Un acte (re)fondateur pour les Bleus
Pourtant, avec le recul, cette élimination en demi-finale du mondial 2007 a marqué un point de rupture dans l’histoire de l’équipe de France. Cette défaite a finalement servi au groupe à construire ses succès futurs et à faire une véritable razzia sur la planète handball. Sans la déception majuscule de Cologne, les Bleus auraient-ils trouvé la rage de se remettre autant en question pour garnir leur armoire à trophées ? Avec un seul Euro à son palmarès, remporté un an plus tôt, Claude Onesta n’était pas encore le manager reconnu qu’il est devenu aujourd’hui. Il convoque son staff technique et demande de tout remettre en chantier.

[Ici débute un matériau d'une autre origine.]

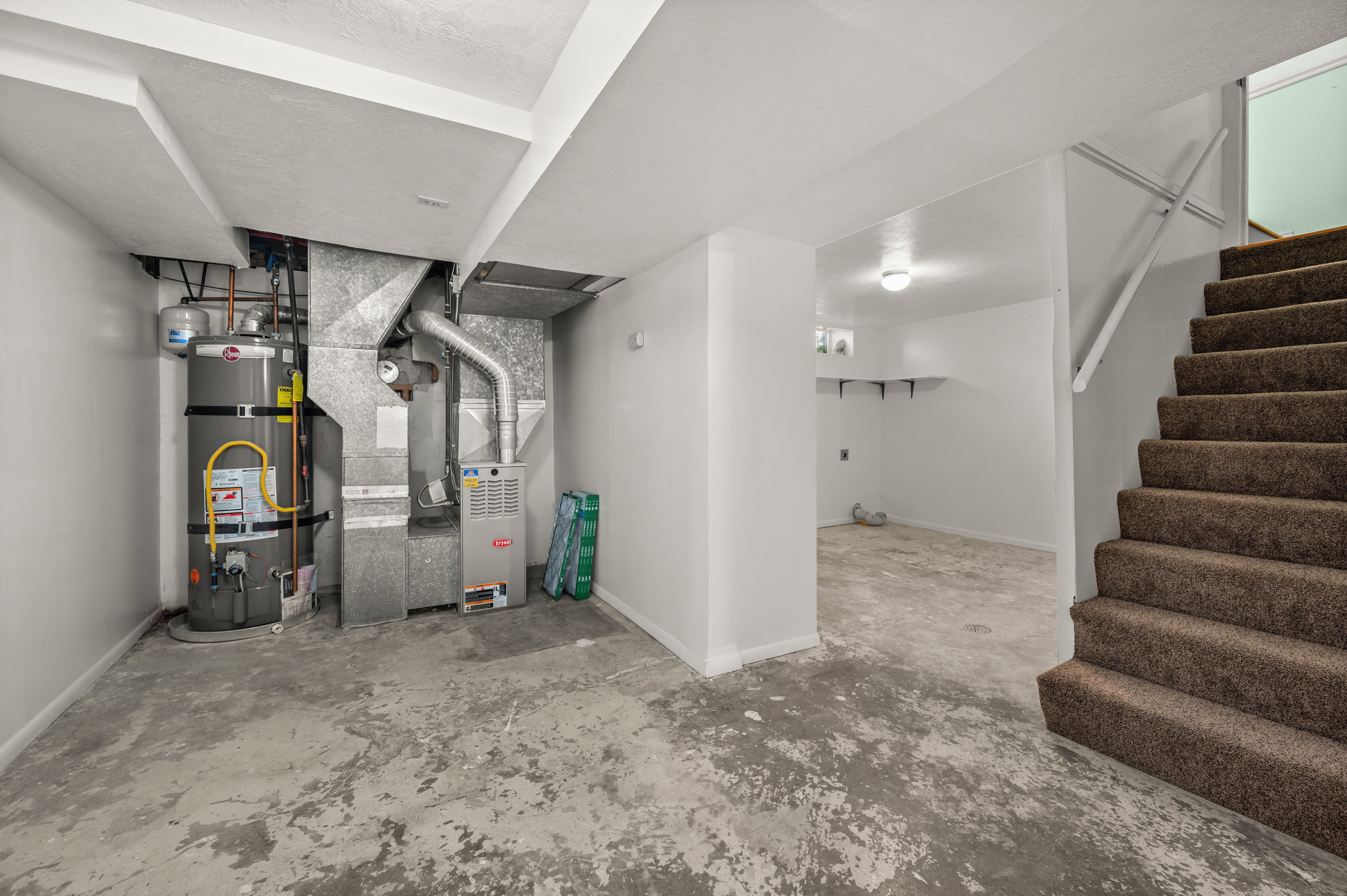 Spacious lower level featuring a utility area with water heater and furnace, exposed ductwork, carpeted staircase with white handrail, concrete flooring, and white painted walls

« Le seul truc sur lequel on peut agir, c’est le jeu, la gestion, confiait-il il y a quelques années. Ça, ça nous appartient. L’arbitrage, les délégués, le public, on n’aura jamais de prise dessus : on a perdu et on a pas su gérer des éléments qui étaient à proximité de nous. Notre travail, c’est de faire en sorte que si notre jeu s’améliore et que notre équipe s’améliore, un jour elle le sera suffisamment pour ne plus subir ces environnements négatifs. » Le staff tricolore passe des heures à décortiquer le jeu des meilleures nations mondiales, pour y dénicher ce qui fait leur force et ce qui manque aux Bleus pour dominer le jeu à sept. Le jeu rapide, mis en place depuis, sera l’une des grandes réussites post-Cologne 2007. « On a revu tout notre jeu car on s’est rendu compte que nous faisions n’importe quoi » analysait avec le recul Sylvain Nouet, alors adjoint d’Onesta, dans le livre « La Grande Saga du hand français » (Hugo Sport) de Laurent Moisset. "On a réduit le nombre de combinaisons, par exemple, on a simplifié notre jeu. On a gagné en précision. Moins mais mieux, ça a été notre leitmotiv" explique aujourd'hui Jérôme Fernandez.

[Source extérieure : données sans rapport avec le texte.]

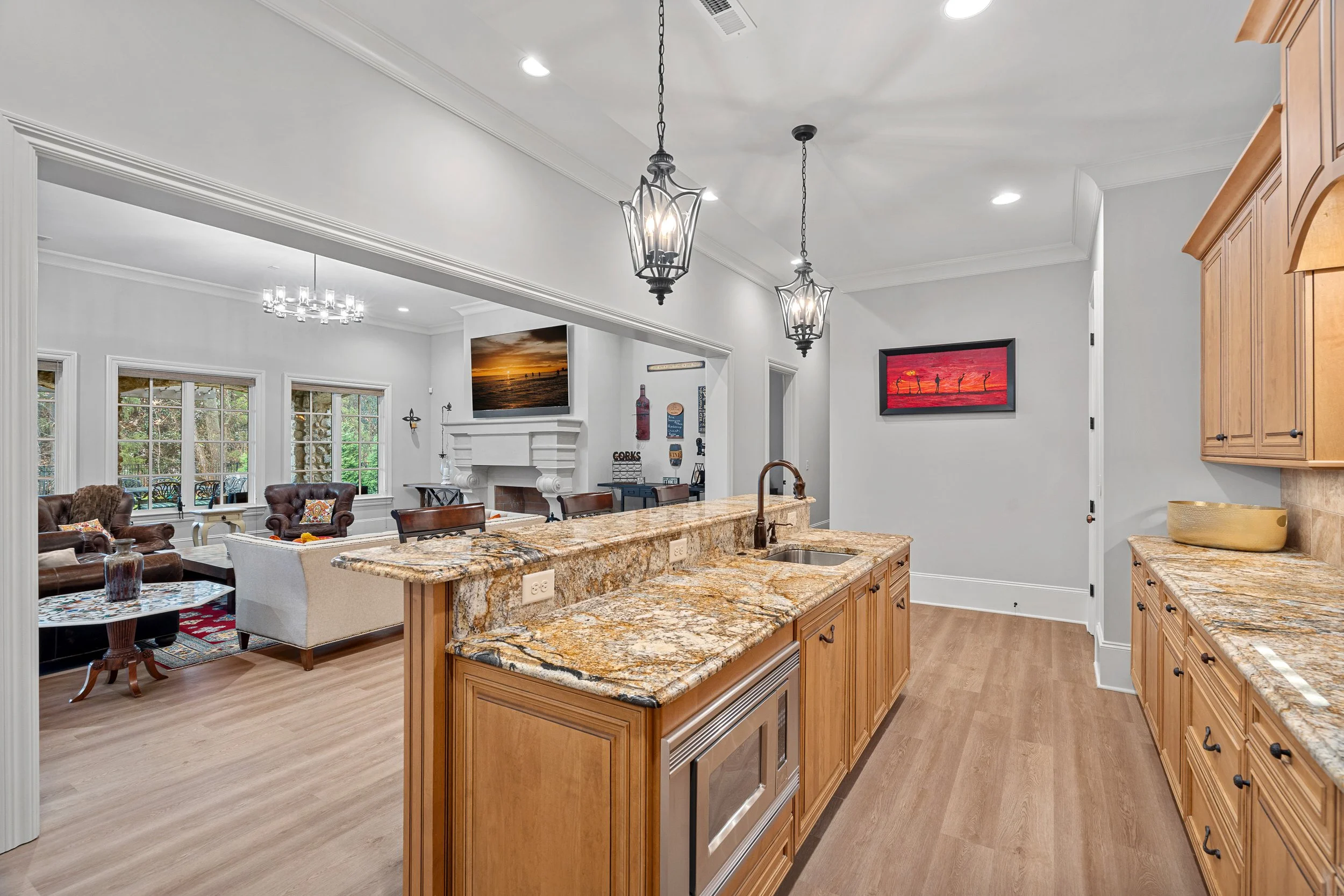 Open-concept kitchen with granite countertops and wooden cabinets, overlooking a living room with leather chairs, a fireplace, and a television.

"On s’est abrité derrière ce scandale pendant un bon mois, pleurant, n’allant pas chercher en nous les raisons de l’échec, écrit Philippe Bana dans le livre « Le Roman du hand tricolore » qu’il a rédigé avec Mickaël Caron (Edition Marabout). Il était plus facile d’accuser les autres. La stupeur passée, on s’est mis à gratter un peu le vernis de l’arbitrage. Au fond, depuis le début de cette compétition, j’avais eu le sentiment que tout n’était pas en place. Si l’équipe de France allait tout renverser sur son passage à partir des Jeux de Pékin, dix-huit mois plus tard, c’est grâce à la souffrance vécue en 2007, puis au travail accumulé entre ces deux compétitions." Quatre titres mondiaux (2009, 2011, 2015, 2017), deux titres olympiques (2008, 2012) et deux Euros (2010, 2014) allaient ensuite être remportés par la France suite à l’acte (re)fondateur de Cologne. "C'est un échec sur lequel on a su rebondir et qui nous a permis d'aller gagner les JO l'année d'après, mais aussi en Croatie, en Suède, au Qatar..." ajoute Guigou.
Seuls Nikola Karabatic, Luc Abalo, et Michaël Guigou, qui étaient déjà en Bleus en 2007, sont encore dans le groupe France en Allemagne cette année. Si la rencontre de ce soir ne revêt pas le même enjeu que celle d’il y a douze ans, nul doute que la France aura à cœur d’effacer définitivement les souvenirs obscurs de ce 1er février 2007.